Jordan hosts one of the highest percentages of immigrants in the world in comparison to its total population, with more than 40% of its residents being born in another country, a rate even higher than the United States, according to a 2005 UN Report. Jordan's Arab population mainly consists of Jordanians, Palestinians and Iraqis. In addition, there are sizable immigrant communities from Egypt, Syria, and more recently Libya. There were also 15,000 Lebanese who emigrated to Jordan following the 2006 War with Israel. The non-Arab population which comprises 2% to 5% of Jordan's population, most are Circassians, Chechens, Armenians, Turkmans, and Romanis, all of which have maintained separate ethnic identities, but have integrated into mainstream Jordanian culture. Also, Jordan is home to a relatively large American and European expatriate population concentrated mainly in the capital as the city is home to many international organizations and diplomatic missions that base their regional operations in Amman. Since the Iraq War many Christians (Assyrians/Chaldeans) from Iraq have settled permanently or temporarily in Jordan. They could number as many as 500,000.
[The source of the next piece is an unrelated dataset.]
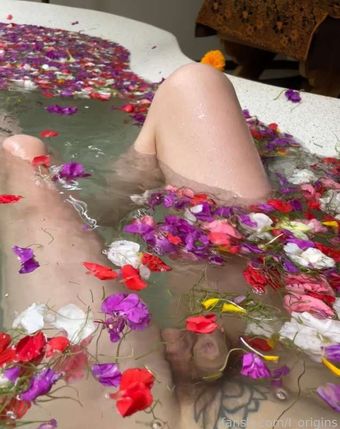 Aline Голі Зливи OnlyFans Фото 9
In 2004–2007, population increased due to the mass migration of Iraqi refugees. In 2007, there were 700,000–1,000,000 Iraqis in Jordan. In 2009, the population of Jordan was slightly over 6,300,000. (increasing from 5,100,000 in 2004).
According to UNRWA, Jordan was home to 1,951,603 Palestinian refugees in 2008, most of them Jordanian citizens. 338,000 of them were living in UNRWA refugee camps.
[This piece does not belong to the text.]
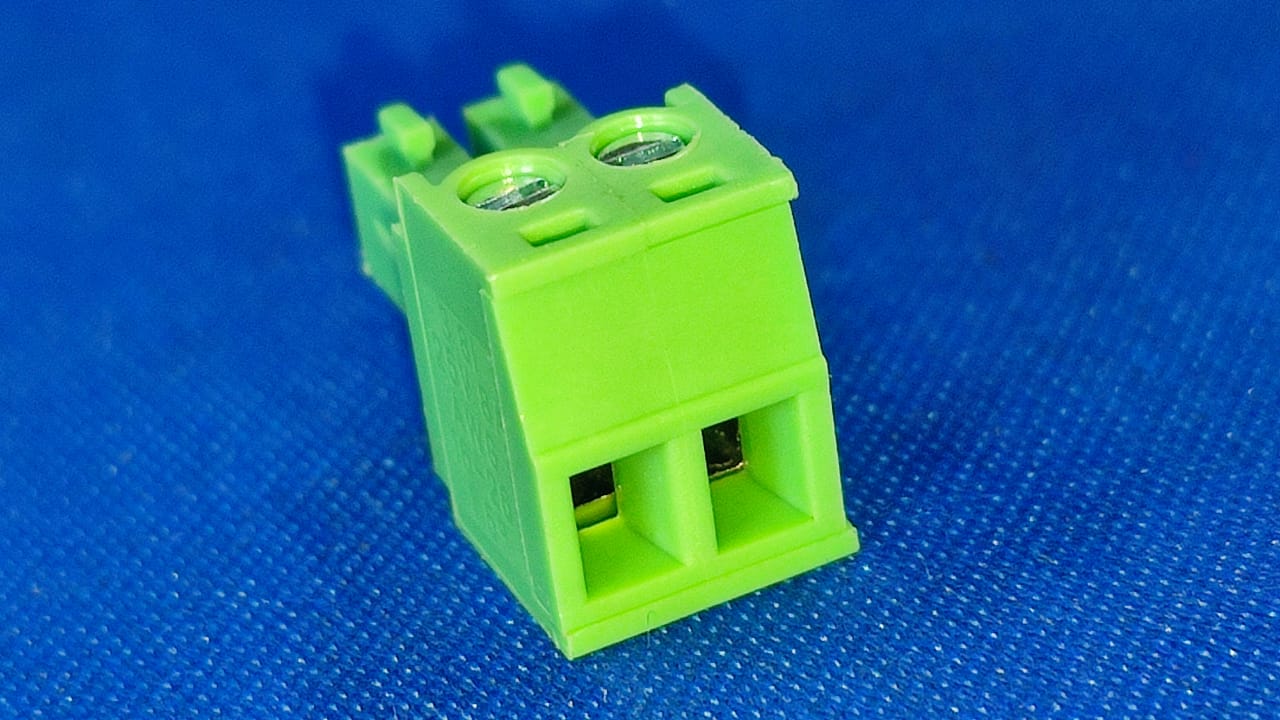 XY2500 2pin 3.81MM pitch female Right Angle Terminal Block Connectors 8A 125V XINYA 2P ET9519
Migrant workers in Jordan are believed to account for more than 30% of the labor force in Jordan. The population of migrant workers including domestic workers is divided into 1,200,000 illegal and some 500,000 legal migrant workers in the Kingdom. 500,000 are Egyptians, while the remaining workers are from Syria, India, Yemen, Pakistan, Vietnam, and Nepal. Jordan is home to one of the world's largest population of migrant domestic workers according to Human Rights Watch. Domestic workers number around 300,000, mainly from Indonesia, the Philippines, and Sri Lanka. There have been recent recruiting from African nations like Ethopia and Madagascar for the purpose of domestic labor. Furthermore, there are thousands of foreign women working in nightclubs, hotels and bars across the kingdom, mostly from Eastern Europe and North Africa.
Jordan revoked the citizenship of thousands of Palestinians to thwart any attempt to resettle West Bank residents in Jordan. West Bank Arabs with family in Jordan or Jordanian citizenship were issued yellow cards guaranteeing them all the rights of Jordanian citizenship. Palestinians living in Jordan with family in the West Bank were also issued yellow cards. All other Palestinians wishing such Jordanian papers were issued green cards to facilitate travel into Jordan.